We have traveled all over the country and really enjoy Mexico City the most - despite all the crowding, traffic, pollution - it has an intense romance and energy that we have not seen elsewhere. 

We wanted some advice from you wise people.

- We would like to buy a home (house or condo) in either Polanco, Coyoacan or Condesa that would be safe (we would not stand out - we are not rich) that would cost about $500,000 or so and that would be good for our kids and not cause us too much stress. Any recommendations where we should look? We want to be in a stimulating area where we can retreat but also be right in the middle of things. To this end, we really like Coyoacan but it doesn't have anything but houses that might be too expensive. We aren't crazy about Polanco, but it seems very safe but too busy. However, I feel Polanco would be a place where my wife and kids could be alone in. We like Condesa but aren't sure about safety. Any recommendations where we would get the best value?

- Are condos a good idea in Defe? I've read threads here about how in Mexico, Mexicans don't pay their HOA fees and the condos can be in disrepair. 

- We are interested in a good home but also a good investment, something that would be liquid and we could sell (hopefully with a decent appreciation) in the near future. 

- Owing a house seems high stress, therefore the condo idea. 
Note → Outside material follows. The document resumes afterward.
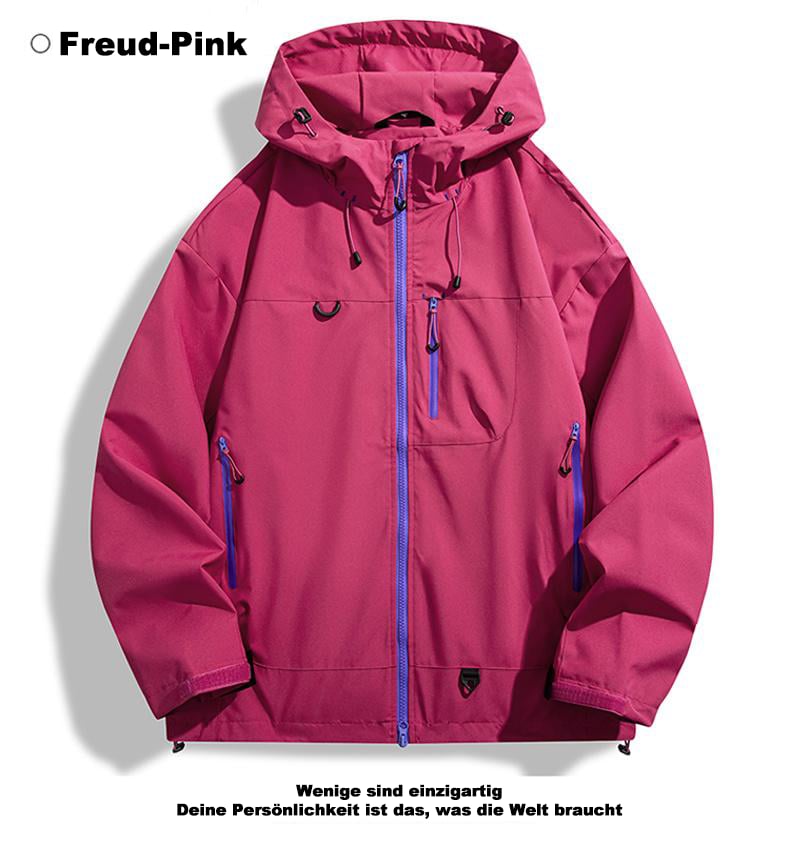 🥾LETZTER TAG 49 % RABATT👔 Wasserdichte Jacke: Wasserdichte Jacke mit 3D-Schnitt – geeignet zum Wandern, Pendeln und für Freizeitausflüge!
Please leave your thoughts, thank you!

Dr.Dave


----------



## maesonna (Jun 10, 2008)

I don’t think Polanco is very safe. Just my opinion. The concentration of wealth seems to attract violence, more than the other places you listed. I’m surprised you couldn‘t find something affordable in Coyoacán. Well, maybe it’s not so surprising. I”m certain affordable housing exists in Coyoacán, but it’s not so surprising that you couldn’t find it: the reason is that if you search online, you only find the high end. More affordable housing needs to be searched for in the flesh; advertisements for this sector of the market will probably only appear in local newspapers and signs posted in the street.
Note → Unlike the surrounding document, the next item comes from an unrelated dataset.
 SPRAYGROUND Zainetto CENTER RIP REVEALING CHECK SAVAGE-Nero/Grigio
Also, consider Villa Coapa or Tepepan. There are probably many other areas like these around the city, but I mention these two because I live nearby and I know them. They’re not close to the center of the city, but they are home to lot of shopping (especially in the former), a lot of schools, and a lot of middle class residential areas– lots and lots of horizontal condos.


----------



## DrDave (Oct 22, 2013)

thank you Maesonna for your excellent response.

Is Polanco really less safe than Coyoacan and Condesa?? Wow, very surprising with the density of security guards and police officers there?

Is it the case that the online listings I see through the internet will be more expensive than relatively identical listings in the same places that are not posted online but rather only advertised locally? What I'm asking is - are the online prices inflated compared to street prices? Some of the prices I see suggest Defe is overpriced.


----------



## kito1 (Aug 4, 2012)

500,000 dollars or pesos? Huge difference! 

I too love Mexico City. If it wasn't for the whole fiador thing I am sure that is where I would be. If you are talking dollars, and I guess you are, I would never consider dropping half a million USD into anything, housing included, in Mexico. If you are talking 500,000 pesos I can't see you finding anything decent in the areas you are talking about for that price. I would consider renting a furnished short term flat, at a higher rate for awhile while you look for a place if I was you.


----------



## DrDave (Oct 22, 2013)

yes 500,00 USD not pesos. 

what is the 'fiador' thing? 

why would you not put substantial money into mexico? it seems real estate in defe is appreciating and now with mortgages available, the market will be more liquid. 


mexico seems to be a country on the rise, the crime problem is in the border areas and among drug traffickers no? am curious about your thoughts?


----------



## maesonna (Jun 10, 2008)

As I mentioned in my first comment, it’s my _opinion_ that Polanco is less safe. This is based on my impressions from what I read in the news. That’s my answer to your question, ”Is Polanco really less safe?” My guess that you see more security there because there’s more $$$ to protect.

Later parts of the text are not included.